Catalan Education minister says it cannot do otherwise and asks "to prioritize coexistence" after controversy

3 min
A mother accompanies her children at the Cerro del Dragón school in Canet de Mar

BarcelonaThe recipe to respond to the "attack" on the Catalan school model is to "prioritise coexistence" in centres. This is what Catalan Education minister Josep Gonzàlez-Cambray said at the gates of the Escola Turó del Drac in Canet de Mar, in the Maresme, where he went to calm the waters over the huge controversy generated by Catalonia's High Court's ruling to force the school to teach 25% of classes in Spanish, after a single family complained .

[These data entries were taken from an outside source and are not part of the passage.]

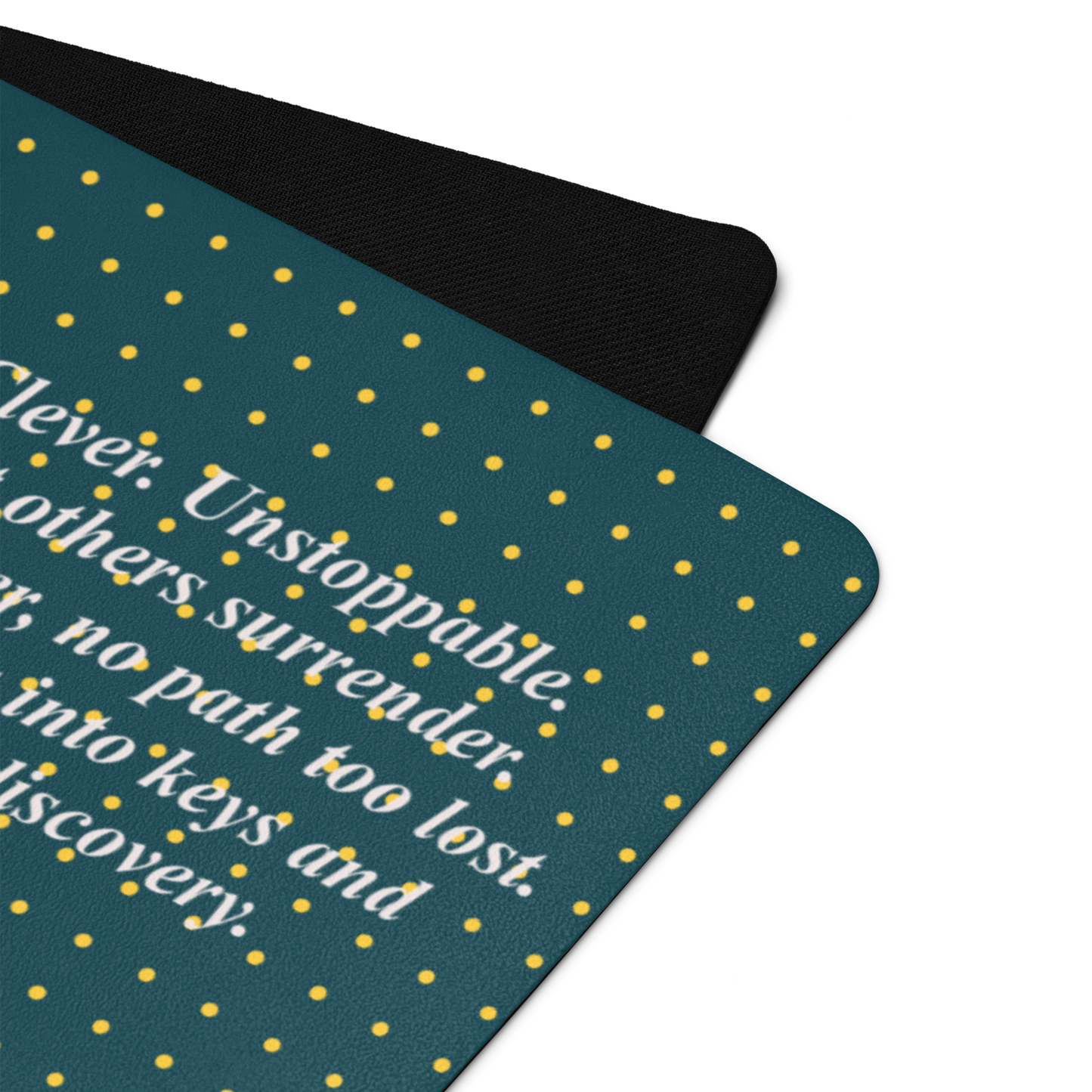 Whisperlight-The Locksmith Boho Racoon Yoga Mat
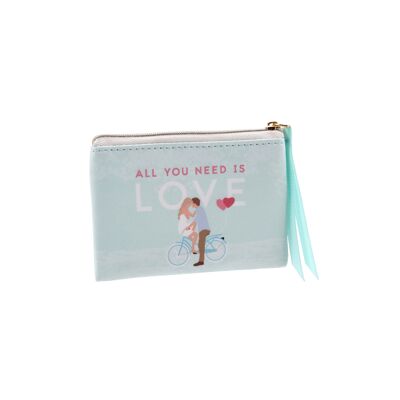 All You Need Is Love' Coin Purse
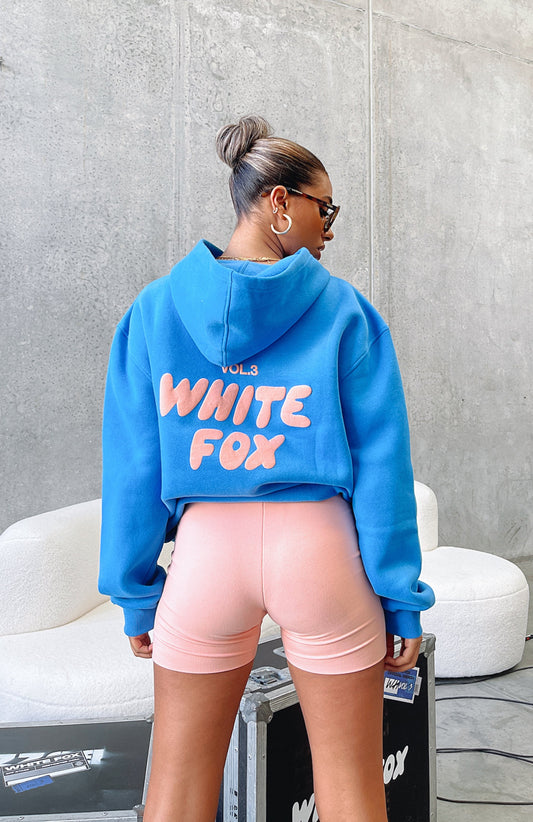 Offstage Hoodie Azure - Seldom Seen Styles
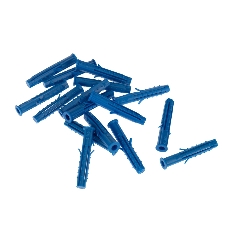Дюбель распорный Kranz 6х40, синий, пакет (100 шт./уп.)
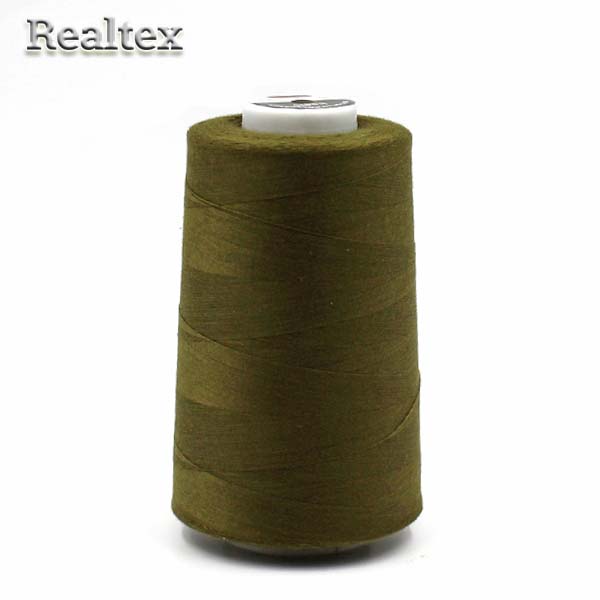 Нитки МАХ 40/2 (5000ярд) цв.484 хаки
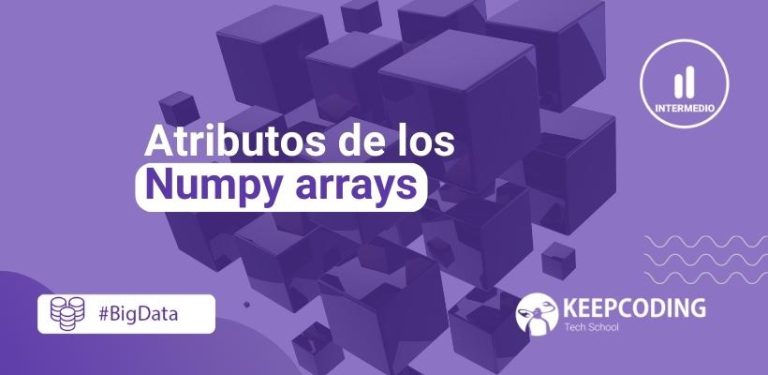 Atributos de los Numpy arrays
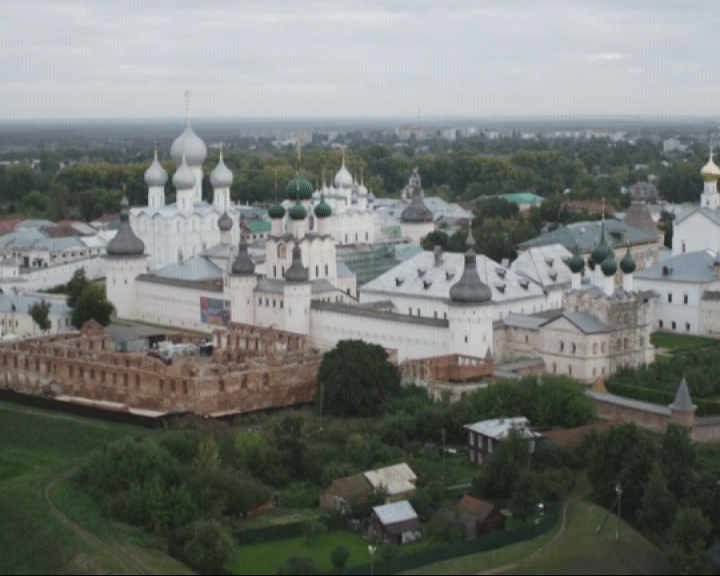 Ростовский кремль в формате «3D»
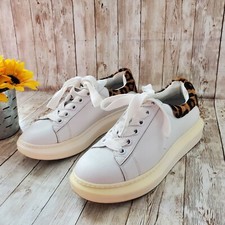 Steven By Steve Madden Glazed Sneakers Womens Sz 8 Platform Shoes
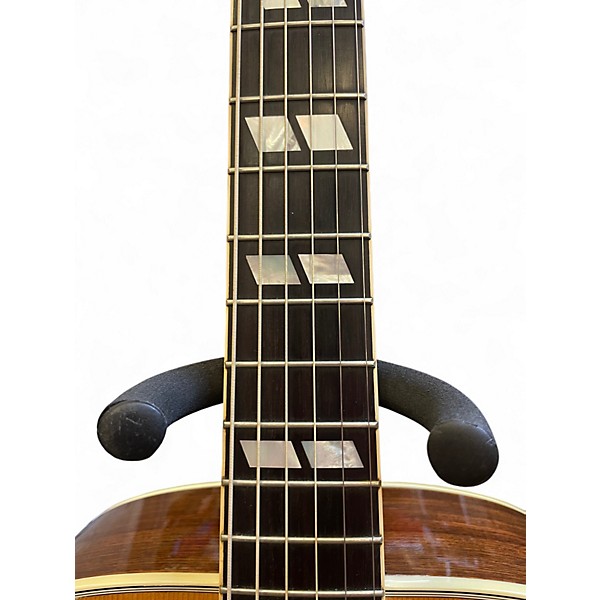 Used Gibson Songwriter Deluxe Natural Acoustic Electric Guitar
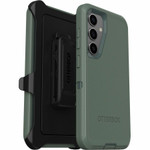 OtterBox Defender Carrying Case with Holster Samsung Galaxy S24 Smartphone - Forest Ranger - Green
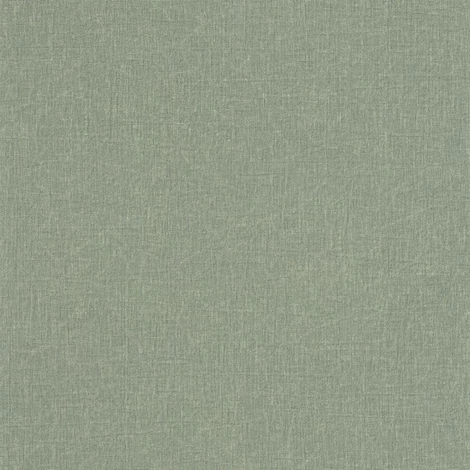 Casadeco Szövethatású keki zöld vinyl tapéta Java Vert Kaki 53 cm X 10 m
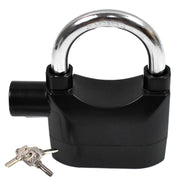 Plastic Body Waterproof Siren Alarm Smart Alarm Lock  3 Keys (1 Set) thumbnail 5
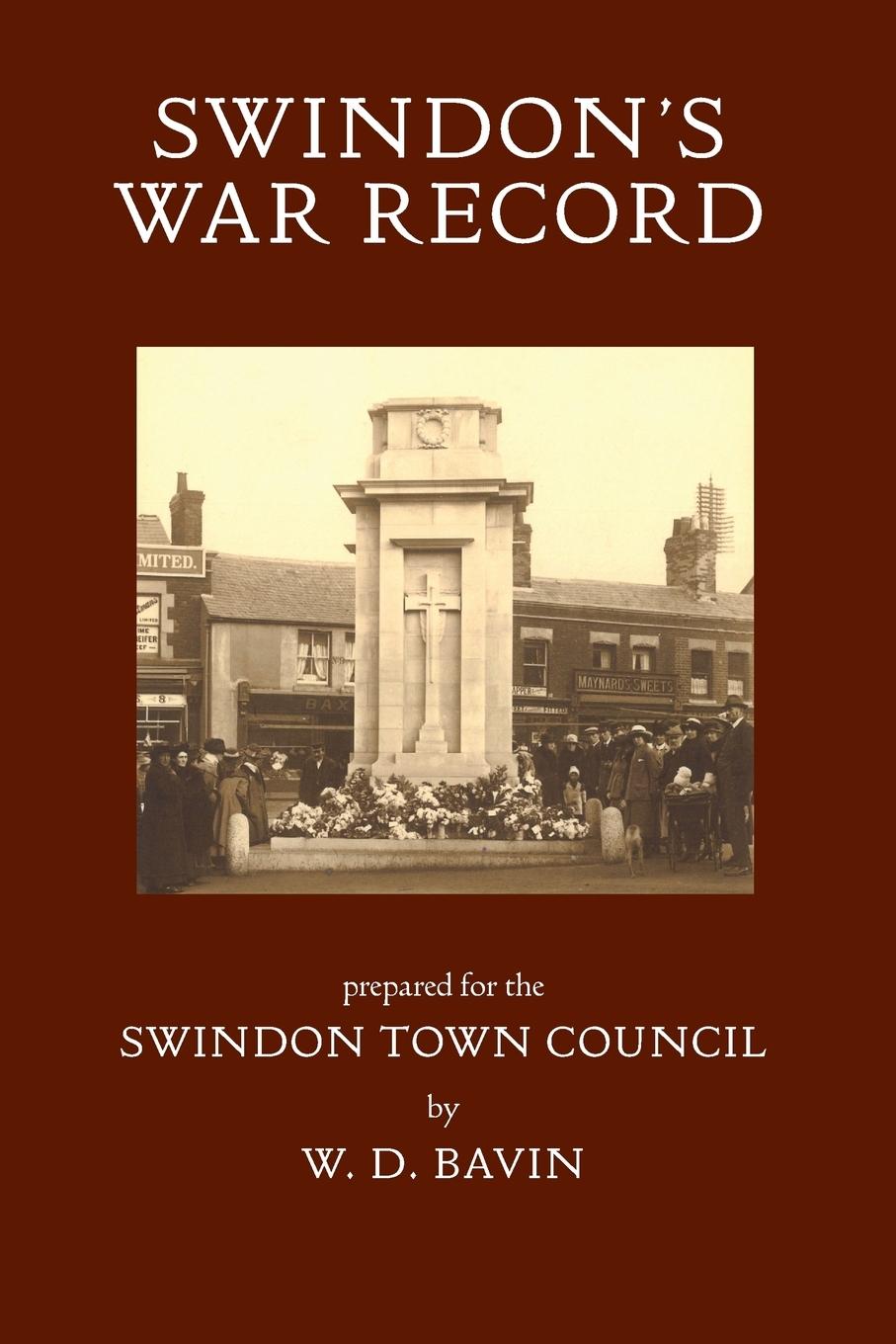 Vorderes Coverbild Swindon's War Record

Last Friday, when the decision was made public, some families mobilised to show their disagreement and received the Education Department's support. The secretary general of the department, Patrícia Gomà, said that it is "positive" that families who want to maintain the current model react and mobilise. But the problem came with the publication of two tweets from people outside the school. One of the messages called for "child's house to be stoned", which prompted the association Hablamos Español to denounce an "orchestrated campaign" of harassment against the family and file a complaint with the Catalan Prosecutor to "investigate the facts reported and identify the authors of the tweets that incite violence and hatred". Some media have taken advantage of this and have assured that Spanish-speaking children are persecuted in Catalonia.

"There is no problem with the language. However much some may make one up, there is no linguistic problem in Catalan schools", Cambray remarked, and, without making an explicit reference to this controversy, he thanked the school and the families that "prioritise coexistence" and lead by example to their sons and daughters. Cambray also explained that the ruling of the High Court is addressed directly to the school, and therefore "prevents the department and the minister from giving an answer". "We can only accompany and protect the school board in applying precautionary measures," he said. The family asked for half of the lessons to be in Spanish and, while the court studies it, has ruled 25% of classes be taught in this language.

Thus, the claimant family's child's class will receive be taught visual, plastic and psychomotor skills in Spanish. "The anomaly of these judgments and the evidence that they do not conform to what actually happens in schools is even more blatant in [with young kids], who have no Catalan or Spanish classes," the minister said. Although there have already been around eighty rulings similar to this school's and there are a dozen more proceedings open in Catalonia's High Court, the sentence that affects the school has caused a great uproar because it is the first to come after Spain's Supreme Court ruling setting a 25% minimum of classes to be taught in Spanish, questioning the Catalan school model.

Cambray seeks the support of all former ministers

CAfter giving his support to the school in Canet, Cambray will meet with former After giving his support to the school in Canet, Cambray will meet former Catalan education ministers to serve to defend linguistic immersion. According La Vanguardia, the minister has summoned his predecessors from different political parties: Josep Bargalló, Meritxell Ruiz, Irene Rigau, Ernest Maragall, Joan Manuel del Pozo, Marta Cid, Carme Laura Gil and Joan Maria Pujals. Clara Ponsatí, who is in Scotland, is missing.

In the political field, from the opposition, the leader of the PSC, Salvador Illa, has said in an interview to the ACN that the socialists "will not take lessons from anyone, not even from the minister". He asked him to convene all the groups and to work "for a broad consensus". The socialists declined to attend a meeting convened by the minister after the Supreme Court ruling, which ERC, JxCat, the CUP-NCG and En Comú Podem attended. The PSC did not attend because Cambray had not called all parliamentary groups. "Everyone has to be involved," Illa insisted, who believes that "the best thing to do for Catalan is to recover a very broad consensus". "Either we depoliticise Catalan at school or we are on the wrong track," he said.